Shanghai - Five Chinese companies said Tuesday that they had received permission to raise a combined 2.1bn yuan ($347m) in initial public offerings (IPOs), ending a year-old official freeze on flotations.
In separate statements, the firms announced the nation's stock regulator had given the green light for their share offers, following a suspension of such approvals in November 2012.
The move came after the China Securities Regulatory Commission said last month that IPOs could resume as early as January, under new rules which aim to make the process more market-oriented.
China's regulator has traditionally decided which firms can launch IPOs and when they go to market, instead of underwriters and the companies themselves, though authorities have pledged reform.

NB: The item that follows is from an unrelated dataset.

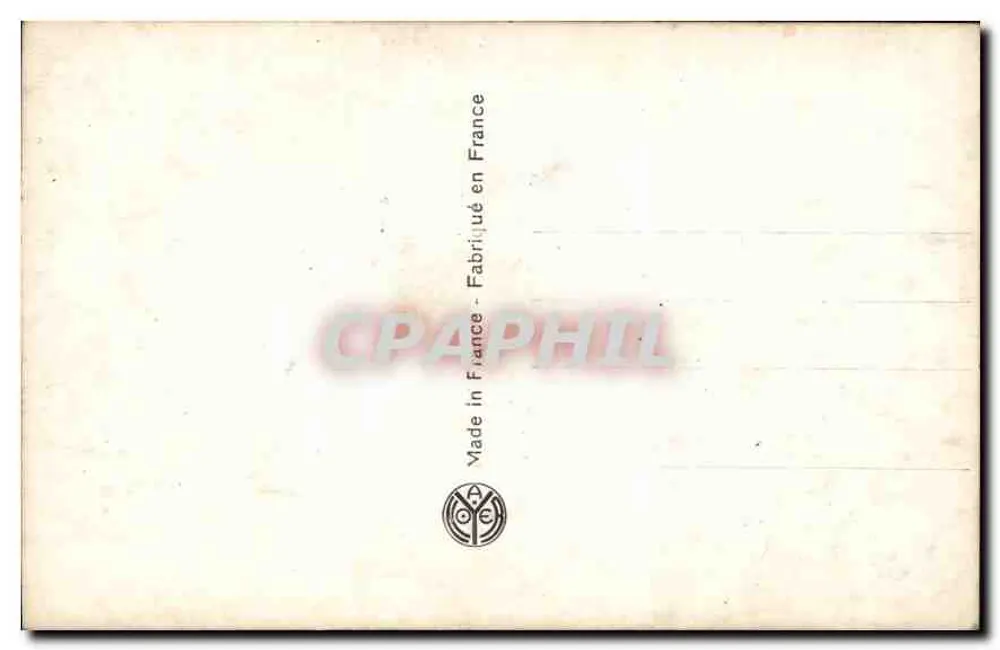 Jovem mulher sorridente — com buquê de tulipas — editor Noyer, n° 4-126 - Verso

Roughly 50 of the more than 760 firms lining up for share offers are expected to list on China's two stock exchanges by the end of January, a regulatory official has said.
In the first batch of five companies, only one will list on Shanghai's main board for blue chips, while four others will target boards aimed at small enterprises and technology firms on the Shenzhen stock exchange in southern China, according to their statements.

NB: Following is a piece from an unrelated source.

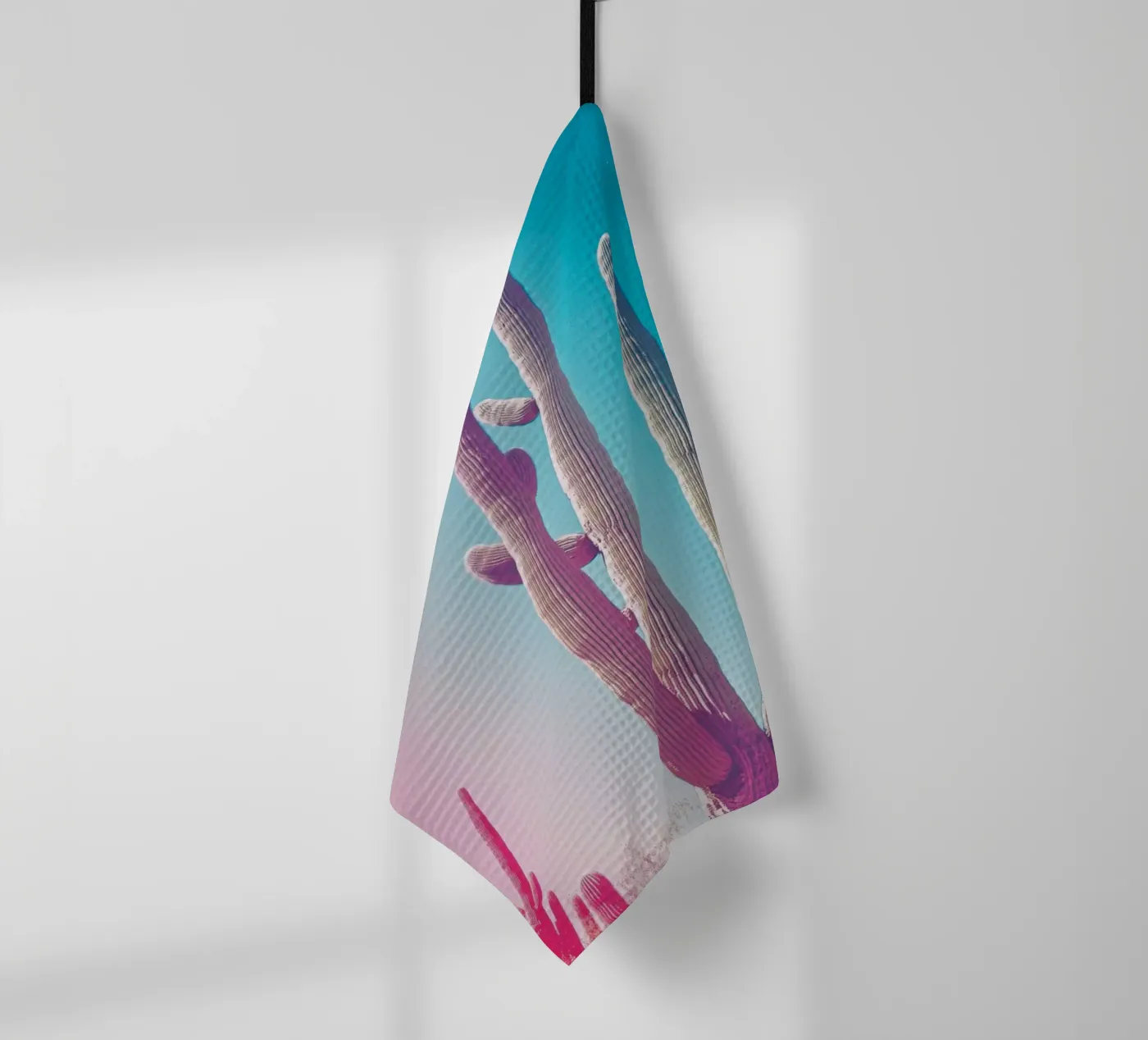 46 torchon de Pink California | Affiches & Posters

Suzhou-based Neway Valve, which will float in Shanghai, aims to raise 839.2m yuan for investment in production facilities, it said.

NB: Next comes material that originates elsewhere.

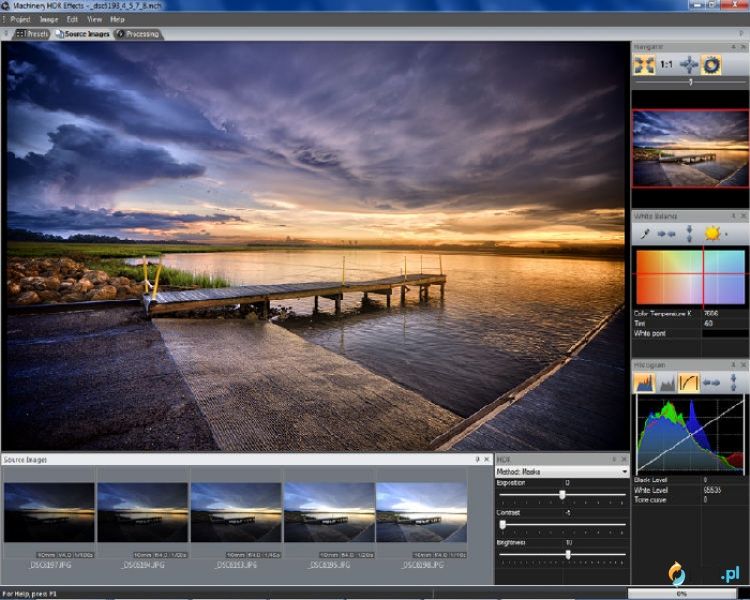 download the new for android Machinery HDR Effects 3.1.4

The firms will probably start roadshows for their IPOs on January 2, the China Business News newspaper reported Tuesday.
Despite the threat of share oversupply impacting an already weak market investors shrugged off the announcements, which had been expected since the market regulator flagged the coming move in late November.
The benchmark Shanghai Composite Index was up 0.68% in early afternoon trading on Tuesday while the Shenzhen index was flat.